In each case, sheriff’s investigators note, suspects are being sought and, in some instances, have been identified but just not arrested — yet.
Evidence, Capt. Eric Pope said, is being gathered in the cases, all which were reported over the last 24-48 hours and all which are currently under investigation.
In the first case, reported Tuesday by employees of the U.S. 421 Check Cashing, note that they were alerted by a local bank that two checks, written against the account of First Tee Trucking, were fraudulent. The checks had been written for $725.82 and $827.51.
Pope said there was a suspect in the case.
He noted that the check-cashing company found out about the uttering of the fraudulent checks only when the bank called to notify them of the problem.
In the second case, a South Carolina woman reported that someone opened a Sears credit card account using her name.
Pope said the card was acquired after the suspect acquired the victim’s Social Security number.
Although he would not talk directly about the case under investigation, the officer said that oftentimes those who take a person’s identity, apply for the credit card using the Social Security number, get a post office box or use an address of an abandoned house on the application and then wait for the card to arrive.
Once the card arrives, the suspect will then run up a bill or max out the card.
“Bills are then sent to the fake address, followed eventually by late notices. Then the company will run a credit history and get the card-holders other address. Usually the card holder doesn’t know until they run their own credit history,” Pope said.
That’s why he recommends that individuals take advantage of the once-a-year credit history offered by the top three credit reporting agencies.
“That way, you can check your credit history and if there’s anything suspicious you can get it straightened out before your credit history is completely ruined,” the captain stressed.
The third case, much like the first, involved the writing and attempt to utter fraudulent checks.
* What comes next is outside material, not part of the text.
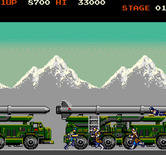 Rush'n Attack for Arcade - Running towards danger...
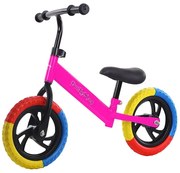 Bicicleta de echilibru fara pedale, 2 - 5 ani, Roz, Roti in 3 culori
This time the victim was Metal Specialists of Garland Highway.
The business owner, Rodney Chestnutt of Fayetteville, was notified by the bank of two checks that came back non-sufficient funds. It was then that the owner realized that he had not written the checks and attempted to get in contact with those he believed responsible.
Pope said the suspect or suspects had apparently done the same thing in another location.
All three cases are currently under investigations and arrests are likely.